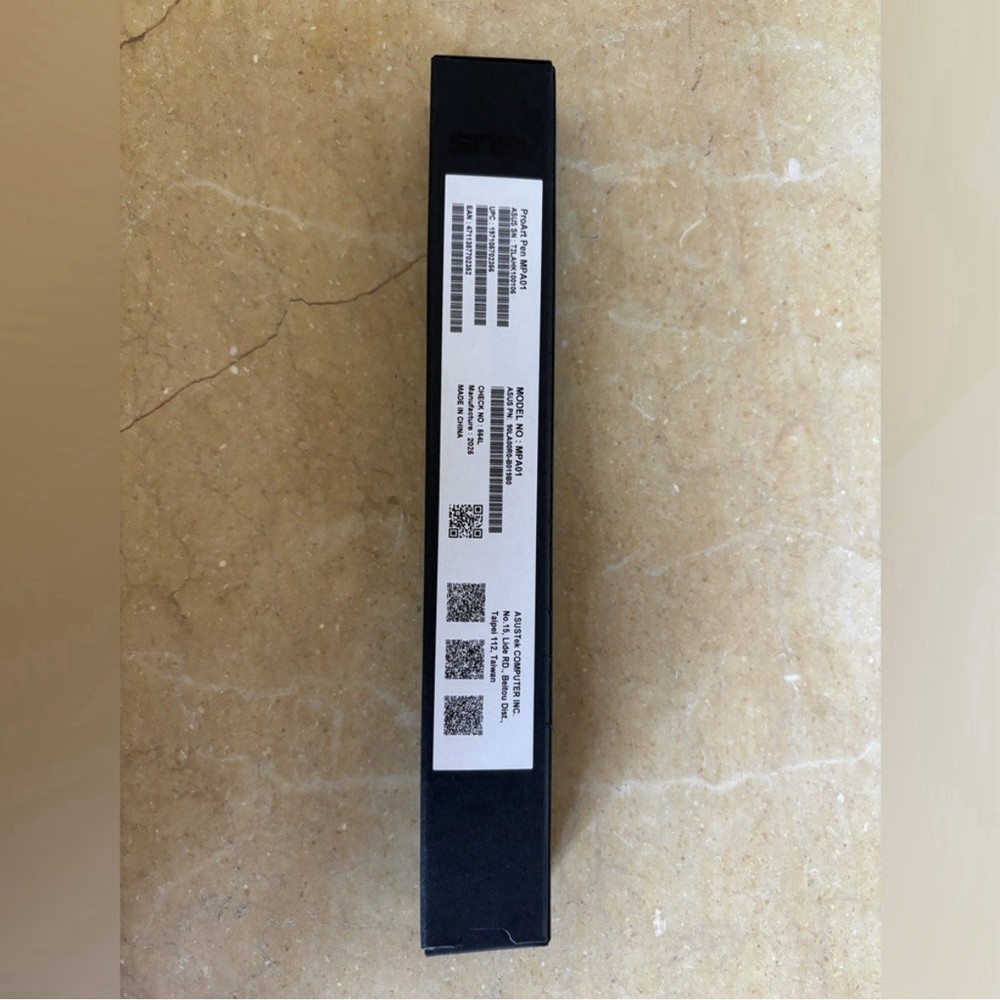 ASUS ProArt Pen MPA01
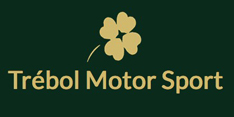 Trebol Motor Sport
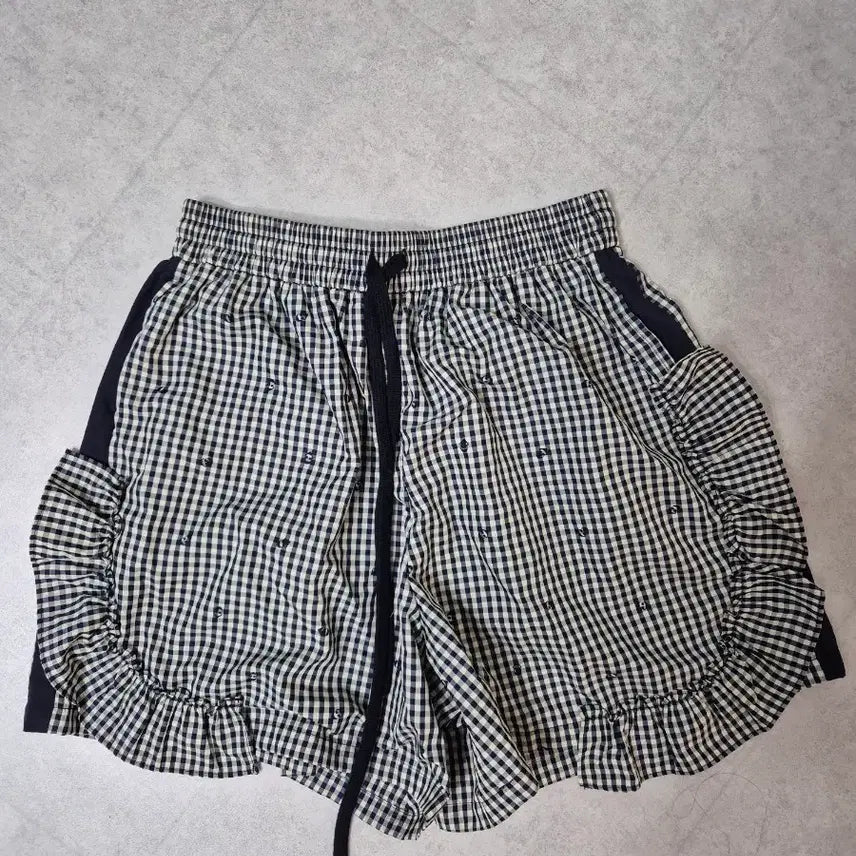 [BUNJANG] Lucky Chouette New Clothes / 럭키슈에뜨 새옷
○ ○ ○ ○
## Problem details
Every line of the listing should be copied precisely, with images omitted.

## Task solution
 ASUS ProArt Pen MPA01
 Trebol Motor Sport
 [BUNJANG] Lucky Chouette New Clothes / 럭키슈에뜨 새옷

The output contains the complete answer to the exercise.